**Items from a data source**
- - - - -

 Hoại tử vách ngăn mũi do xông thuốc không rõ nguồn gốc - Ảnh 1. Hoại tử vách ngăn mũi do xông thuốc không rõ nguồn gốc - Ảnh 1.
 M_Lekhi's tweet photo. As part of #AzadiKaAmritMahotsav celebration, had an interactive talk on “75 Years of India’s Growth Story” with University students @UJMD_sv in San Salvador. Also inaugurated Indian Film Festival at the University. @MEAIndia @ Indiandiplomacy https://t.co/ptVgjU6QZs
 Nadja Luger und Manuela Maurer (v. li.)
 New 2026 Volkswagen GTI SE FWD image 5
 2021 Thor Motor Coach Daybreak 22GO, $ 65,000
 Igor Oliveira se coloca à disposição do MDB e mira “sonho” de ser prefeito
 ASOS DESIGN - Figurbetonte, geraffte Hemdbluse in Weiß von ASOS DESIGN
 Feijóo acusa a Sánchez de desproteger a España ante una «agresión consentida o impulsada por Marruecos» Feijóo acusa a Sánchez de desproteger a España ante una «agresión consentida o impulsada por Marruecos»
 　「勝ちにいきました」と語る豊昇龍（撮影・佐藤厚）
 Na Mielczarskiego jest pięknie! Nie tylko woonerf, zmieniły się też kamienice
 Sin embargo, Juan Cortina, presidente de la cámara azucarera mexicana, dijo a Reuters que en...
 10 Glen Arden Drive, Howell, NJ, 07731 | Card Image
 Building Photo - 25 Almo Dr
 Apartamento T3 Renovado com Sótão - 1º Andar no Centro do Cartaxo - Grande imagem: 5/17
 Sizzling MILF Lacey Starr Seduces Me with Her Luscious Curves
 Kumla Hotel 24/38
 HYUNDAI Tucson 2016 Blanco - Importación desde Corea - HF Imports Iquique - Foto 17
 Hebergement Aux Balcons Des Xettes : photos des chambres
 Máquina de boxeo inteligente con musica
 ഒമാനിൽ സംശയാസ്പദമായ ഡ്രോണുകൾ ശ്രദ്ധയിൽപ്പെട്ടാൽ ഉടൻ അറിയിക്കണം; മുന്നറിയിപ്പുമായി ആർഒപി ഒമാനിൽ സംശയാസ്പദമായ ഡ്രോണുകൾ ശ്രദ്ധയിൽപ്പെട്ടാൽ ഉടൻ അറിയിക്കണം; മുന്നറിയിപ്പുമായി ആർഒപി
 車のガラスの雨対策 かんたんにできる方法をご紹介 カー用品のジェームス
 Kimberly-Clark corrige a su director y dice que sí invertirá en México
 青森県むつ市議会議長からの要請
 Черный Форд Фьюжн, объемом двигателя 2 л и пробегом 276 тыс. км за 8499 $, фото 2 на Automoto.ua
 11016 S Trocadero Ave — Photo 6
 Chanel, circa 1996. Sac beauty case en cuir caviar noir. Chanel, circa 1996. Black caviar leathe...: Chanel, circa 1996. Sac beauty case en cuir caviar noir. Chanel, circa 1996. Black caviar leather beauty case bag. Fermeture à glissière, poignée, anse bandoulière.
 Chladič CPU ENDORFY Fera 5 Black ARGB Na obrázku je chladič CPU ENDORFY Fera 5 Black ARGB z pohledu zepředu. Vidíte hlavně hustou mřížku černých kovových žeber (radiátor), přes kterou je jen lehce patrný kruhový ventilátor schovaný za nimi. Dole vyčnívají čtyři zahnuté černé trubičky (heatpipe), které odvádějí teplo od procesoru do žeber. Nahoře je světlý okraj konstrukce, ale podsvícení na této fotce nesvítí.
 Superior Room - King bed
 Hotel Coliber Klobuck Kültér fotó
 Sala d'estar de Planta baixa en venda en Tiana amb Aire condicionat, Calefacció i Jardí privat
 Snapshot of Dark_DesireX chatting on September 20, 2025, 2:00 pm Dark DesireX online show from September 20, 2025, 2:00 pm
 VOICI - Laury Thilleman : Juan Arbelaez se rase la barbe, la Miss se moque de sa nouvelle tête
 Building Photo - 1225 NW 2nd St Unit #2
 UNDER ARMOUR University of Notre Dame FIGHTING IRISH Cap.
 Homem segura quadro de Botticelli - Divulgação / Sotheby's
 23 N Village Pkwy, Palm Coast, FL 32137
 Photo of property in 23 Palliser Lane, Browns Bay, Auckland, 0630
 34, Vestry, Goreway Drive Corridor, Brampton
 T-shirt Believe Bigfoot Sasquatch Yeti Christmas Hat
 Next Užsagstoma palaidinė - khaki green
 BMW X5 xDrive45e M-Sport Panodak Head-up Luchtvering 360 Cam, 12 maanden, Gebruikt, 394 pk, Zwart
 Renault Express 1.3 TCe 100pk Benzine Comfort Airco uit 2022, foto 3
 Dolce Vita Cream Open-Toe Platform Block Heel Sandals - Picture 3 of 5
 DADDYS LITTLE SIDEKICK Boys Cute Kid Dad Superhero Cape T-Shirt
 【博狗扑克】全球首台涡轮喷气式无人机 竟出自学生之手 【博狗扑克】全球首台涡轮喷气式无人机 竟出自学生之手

- - - - -

**What you should do**
Output all lines from the beginning of the data up to the line holding "M_Lekhi's tweet photo.", that line included, exactly as written.

**Answer to the problem**
 Hoại tử vách ngăn mũi do xông thuốc không rõ nguồn gốc - Ảnh 1. Hoại tử vách ngăn mũi do xông thuốc không rõ nguồn gốc - Ảnh 1.
 M_Lekhi's tweet photo. As part of #AzadiKaAmritMahotsav celebration, had an interactive talk on “75 Years of India’s Growth Story” with University students @UJMD_sv in San Salvador. Also inaugurated Indian Film Festival at the University. @MEAIndia @ Indiandiplomacy https://t.co/ptVgjU6QZs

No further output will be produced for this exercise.